Ain't nothing quite as Southern as Okra but growing up as a Southern girl eating plenty of good ol' Southern cookin' and even spending many summers on my Granddaddy's farm ... I refused to try Okra ... no matter how it was cooked: Fried, Stewed with Tomatoes, Tossed into a Gumbo or Brunswick Stew and most definitely NEVER boiled ... eeeew that slimy looking mess ... no way it was going near my mouth.  AND then after once trying to help pick fresh Okra outta the field and having to wear gloves to do it cause the plants have these sticky things that sting and cut your fingers ... I swore I would never eat this stuff ... "if you have to wear gloves to pick it, it's not supposed to be eaten" I said.  LOL

But flash forward to my 30's ... yep it wasn't until I was in my 30's that I let Okra near my mouth.  How that came about was at the time I was working for THE BEST BOSS EVER and he would bring me a plate at lunch (he had a cook that prepared lunch for him) and when it would have Fried Okra on it, I'd turn my nose up at it, wouldn't touch it.  A Co-Worker said "Girl I'll eat it if you won't" and then proceeded to convince me to at least give it a try "it tastes sorta like popcorn, only better".  Well me loving popcorn ... that was the magic word ... I tried it and my love affair with Fried Okra began.  Thanks Kel!!  From then on I loved Okra anyway I had it except boiled LOL  AND to this day, anytime I'm in a restaurant that serves Fried Okra, I have got to try theirs ... course not everybody knows how to cook it, I've learned.  

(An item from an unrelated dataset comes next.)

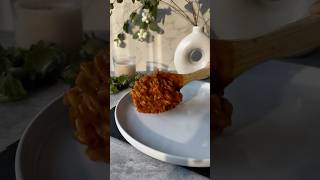 A quick one pot vegetable orzo recipe  Easy amp Perfect shorts easycooking ytshorts [upl. by Eleonore]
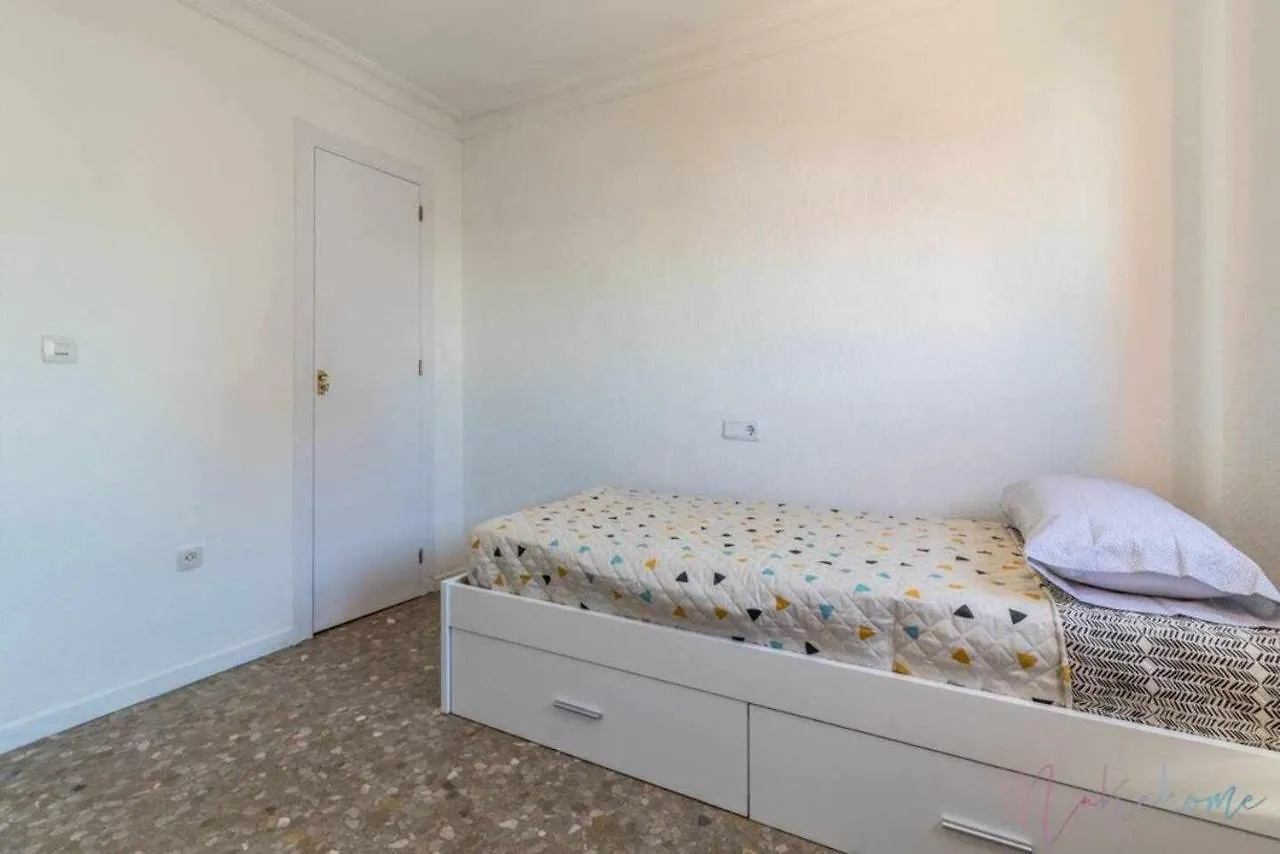 Reformado A Estrenar Con 4 Hab Terraza Y Vistas Apartment Huelva Spain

Okay now about this recipe ...ya'll it is the BEST way I have ever had Okra believeyoume ...definitely a way better tasting (and healthwise) way to eat it instead of fried.  Ya'll have got to give this recipe a try!  AND best yet ... its easy easy easy!!!

Oven Roasted Okra
(2-3 Servings)

1 lb Fresh Okra (you could probably use frozen too)
Extra Virgin Olive Oil*
Sea Salt
Fresh Cracked Black Pepper

Preheat oven to 450 degrees.

Wash the Okra and dry good with a paper towel.  Now, I sliced some of mine and left some of the baby sized ones intact so it doesn't really matter if you slice it or leave it whole.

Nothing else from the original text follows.